(Source data)
========================================================================

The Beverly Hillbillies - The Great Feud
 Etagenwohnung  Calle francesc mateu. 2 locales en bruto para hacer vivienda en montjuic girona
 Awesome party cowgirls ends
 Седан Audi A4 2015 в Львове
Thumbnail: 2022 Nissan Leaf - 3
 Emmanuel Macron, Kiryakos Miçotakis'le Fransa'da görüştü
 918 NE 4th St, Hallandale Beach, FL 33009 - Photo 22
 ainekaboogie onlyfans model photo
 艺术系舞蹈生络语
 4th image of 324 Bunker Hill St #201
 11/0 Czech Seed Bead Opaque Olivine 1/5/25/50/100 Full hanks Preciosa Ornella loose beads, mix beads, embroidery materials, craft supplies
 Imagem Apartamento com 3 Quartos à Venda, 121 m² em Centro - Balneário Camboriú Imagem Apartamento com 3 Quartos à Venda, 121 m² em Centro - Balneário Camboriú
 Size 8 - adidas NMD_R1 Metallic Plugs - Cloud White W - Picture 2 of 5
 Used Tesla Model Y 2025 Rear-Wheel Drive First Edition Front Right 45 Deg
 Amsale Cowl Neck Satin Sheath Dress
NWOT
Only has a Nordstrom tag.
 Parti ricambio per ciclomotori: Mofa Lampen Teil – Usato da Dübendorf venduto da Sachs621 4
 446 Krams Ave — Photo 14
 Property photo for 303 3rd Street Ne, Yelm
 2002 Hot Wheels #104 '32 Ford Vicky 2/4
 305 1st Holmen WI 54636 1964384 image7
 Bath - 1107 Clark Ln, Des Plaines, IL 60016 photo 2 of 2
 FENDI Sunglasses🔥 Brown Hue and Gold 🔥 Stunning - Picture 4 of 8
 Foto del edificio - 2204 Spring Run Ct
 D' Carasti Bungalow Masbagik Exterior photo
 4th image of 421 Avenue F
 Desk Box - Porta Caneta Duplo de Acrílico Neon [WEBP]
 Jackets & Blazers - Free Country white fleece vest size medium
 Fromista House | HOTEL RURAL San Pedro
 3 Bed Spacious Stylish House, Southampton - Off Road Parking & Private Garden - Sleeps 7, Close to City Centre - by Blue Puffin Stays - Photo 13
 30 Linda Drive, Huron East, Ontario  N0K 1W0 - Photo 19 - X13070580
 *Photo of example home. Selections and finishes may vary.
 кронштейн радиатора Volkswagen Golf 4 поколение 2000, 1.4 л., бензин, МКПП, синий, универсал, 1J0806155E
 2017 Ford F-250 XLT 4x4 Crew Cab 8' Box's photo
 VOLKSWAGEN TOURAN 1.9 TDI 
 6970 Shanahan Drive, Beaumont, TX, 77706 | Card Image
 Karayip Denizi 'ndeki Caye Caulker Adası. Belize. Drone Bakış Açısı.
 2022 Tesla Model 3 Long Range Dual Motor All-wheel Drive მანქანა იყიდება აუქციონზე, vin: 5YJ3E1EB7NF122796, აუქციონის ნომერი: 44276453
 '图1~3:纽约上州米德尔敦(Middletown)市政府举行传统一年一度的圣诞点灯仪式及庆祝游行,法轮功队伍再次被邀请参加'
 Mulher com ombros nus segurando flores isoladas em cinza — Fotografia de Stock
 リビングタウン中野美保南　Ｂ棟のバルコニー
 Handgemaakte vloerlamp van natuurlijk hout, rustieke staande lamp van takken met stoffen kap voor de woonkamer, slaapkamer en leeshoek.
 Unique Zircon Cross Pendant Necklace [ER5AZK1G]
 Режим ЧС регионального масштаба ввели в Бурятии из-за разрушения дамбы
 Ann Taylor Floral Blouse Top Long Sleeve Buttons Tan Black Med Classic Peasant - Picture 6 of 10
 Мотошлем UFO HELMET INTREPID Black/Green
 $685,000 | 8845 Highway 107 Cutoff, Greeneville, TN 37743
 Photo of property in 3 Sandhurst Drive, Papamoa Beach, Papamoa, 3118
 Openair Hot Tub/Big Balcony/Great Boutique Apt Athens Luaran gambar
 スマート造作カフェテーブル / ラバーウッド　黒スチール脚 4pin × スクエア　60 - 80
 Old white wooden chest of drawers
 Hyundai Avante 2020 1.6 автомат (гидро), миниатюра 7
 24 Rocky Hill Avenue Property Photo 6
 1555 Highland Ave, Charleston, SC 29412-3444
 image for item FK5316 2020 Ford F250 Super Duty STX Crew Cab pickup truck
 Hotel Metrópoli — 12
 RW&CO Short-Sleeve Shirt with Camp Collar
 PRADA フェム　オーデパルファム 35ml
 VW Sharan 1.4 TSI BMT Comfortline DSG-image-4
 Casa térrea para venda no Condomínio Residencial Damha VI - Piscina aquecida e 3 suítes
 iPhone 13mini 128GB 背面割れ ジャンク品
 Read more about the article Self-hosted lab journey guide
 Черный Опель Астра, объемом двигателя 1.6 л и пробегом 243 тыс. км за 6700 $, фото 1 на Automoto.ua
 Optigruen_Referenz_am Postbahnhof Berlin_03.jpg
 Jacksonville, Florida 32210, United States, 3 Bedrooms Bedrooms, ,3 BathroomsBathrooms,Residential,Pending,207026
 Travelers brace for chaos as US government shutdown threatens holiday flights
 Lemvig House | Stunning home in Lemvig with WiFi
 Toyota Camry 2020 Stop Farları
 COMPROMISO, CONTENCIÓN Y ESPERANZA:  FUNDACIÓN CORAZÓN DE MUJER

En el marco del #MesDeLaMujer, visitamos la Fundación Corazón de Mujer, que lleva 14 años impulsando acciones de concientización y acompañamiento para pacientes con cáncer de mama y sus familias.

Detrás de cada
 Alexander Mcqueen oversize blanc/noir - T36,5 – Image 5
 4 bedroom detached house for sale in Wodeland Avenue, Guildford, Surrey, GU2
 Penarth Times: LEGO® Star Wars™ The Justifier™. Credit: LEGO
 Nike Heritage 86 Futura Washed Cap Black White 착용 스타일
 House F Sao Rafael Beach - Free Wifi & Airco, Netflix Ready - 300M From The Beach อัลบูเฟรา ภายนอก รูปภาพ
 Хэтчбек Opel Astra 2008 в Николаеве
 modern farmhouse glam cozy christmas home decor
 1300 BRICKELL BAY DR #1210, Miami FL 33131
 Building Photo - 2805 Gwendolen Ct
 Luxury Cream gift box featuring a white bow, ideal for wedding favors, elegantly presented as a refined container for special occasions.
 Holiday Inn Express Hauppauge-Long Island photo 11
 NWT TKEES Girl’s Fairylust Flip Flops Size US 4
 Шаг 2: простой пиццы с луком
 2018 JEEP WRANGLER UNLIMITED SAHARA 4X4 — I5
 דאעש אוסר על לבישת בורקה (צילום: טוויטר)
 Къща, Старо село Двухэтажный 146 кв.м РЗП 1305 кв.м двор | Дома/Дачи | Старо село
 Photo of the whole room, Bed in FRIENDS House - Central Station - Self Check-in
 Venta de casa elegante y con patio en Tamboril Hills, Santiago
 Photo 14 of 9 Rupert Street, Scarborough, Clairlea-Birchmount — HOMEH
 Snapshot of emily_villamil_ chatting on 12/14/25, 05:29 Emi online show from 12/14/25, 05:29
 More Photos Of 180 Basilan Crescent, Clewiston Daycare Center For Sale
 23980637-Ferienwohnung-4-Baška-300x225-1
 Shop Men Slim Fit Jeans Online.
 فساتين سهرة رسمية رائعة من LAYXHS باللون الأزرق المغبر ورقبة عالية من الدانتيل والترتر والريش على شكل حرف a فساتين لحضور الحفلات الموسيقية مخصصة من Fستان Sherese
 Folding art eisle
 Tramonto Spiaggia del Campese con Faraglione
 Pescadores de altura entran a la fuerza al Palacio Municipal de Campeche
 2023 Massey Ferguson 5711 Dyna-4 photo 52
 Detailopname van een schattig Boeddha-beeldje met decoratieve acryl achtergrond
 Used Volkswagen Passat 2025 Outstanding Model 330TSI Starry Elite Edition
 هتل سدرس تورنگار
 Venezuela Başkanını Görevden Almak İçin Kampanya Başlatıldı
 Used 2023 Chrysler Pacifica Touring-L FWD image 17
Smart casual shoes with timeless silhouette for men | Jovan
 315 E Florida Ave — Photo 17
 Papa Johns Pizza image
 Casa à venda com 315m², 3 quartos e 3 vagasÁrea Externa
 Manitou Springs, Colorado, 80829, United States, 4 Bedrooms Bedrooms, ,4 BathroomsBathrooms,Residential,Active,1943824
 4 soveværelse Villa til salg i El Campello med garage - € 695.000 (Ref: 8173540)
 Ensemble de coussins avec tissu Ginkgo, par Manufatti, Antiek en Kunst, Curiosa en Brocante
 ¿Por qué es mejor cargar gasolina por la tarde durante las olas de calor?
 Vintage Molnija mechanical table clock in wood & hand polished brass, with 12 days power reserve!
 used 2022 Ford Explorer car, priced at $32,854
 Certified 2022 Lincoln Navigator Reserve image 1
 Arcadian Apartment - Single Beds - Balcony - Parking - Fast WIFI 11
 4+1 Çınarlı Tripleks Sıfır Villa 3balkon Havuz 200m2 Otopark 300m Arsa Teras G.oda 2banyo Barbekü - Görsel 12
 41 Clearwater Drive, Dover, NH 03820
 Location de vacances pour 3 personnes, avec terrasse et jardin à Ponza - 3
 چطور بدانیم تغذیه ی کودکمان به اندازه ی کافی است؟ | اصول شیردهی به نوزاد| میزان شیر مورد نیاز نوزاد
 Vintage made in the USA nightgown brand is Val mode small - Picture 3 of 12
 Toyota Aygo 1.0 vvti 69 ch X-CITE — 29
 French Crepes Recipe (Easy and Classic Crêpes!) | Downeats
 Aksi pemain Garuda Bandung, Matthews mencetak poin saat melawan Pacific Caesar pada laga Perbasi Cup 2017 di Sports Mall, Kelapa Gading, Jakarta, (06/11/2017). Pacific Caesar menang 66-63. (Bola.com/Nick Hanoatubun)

========================================================================

* _PROBLEM DESCRIPTION_
Return exactly the lines above from the line that has "چطور بدانیم تغذیه" through the line that has "French Crepes Recipe", inclusive, and nothing else.

* _TASK RESULT_
 چطور بدانیم تغذیه ی کودکمان به اندازه ی کافی است؟ | اصول شیردهی به نوزاد| میزان شیر مورد نیاز نوزاد
 Vintage made in the USA nightgown brand is Val mode small - Picture 3 of 12
 Toyota Aygo 1.0 vvti 69 ch X-CITE — 29
 French Crepes Recipe (Easy and Classic Crêpes!) | Downeats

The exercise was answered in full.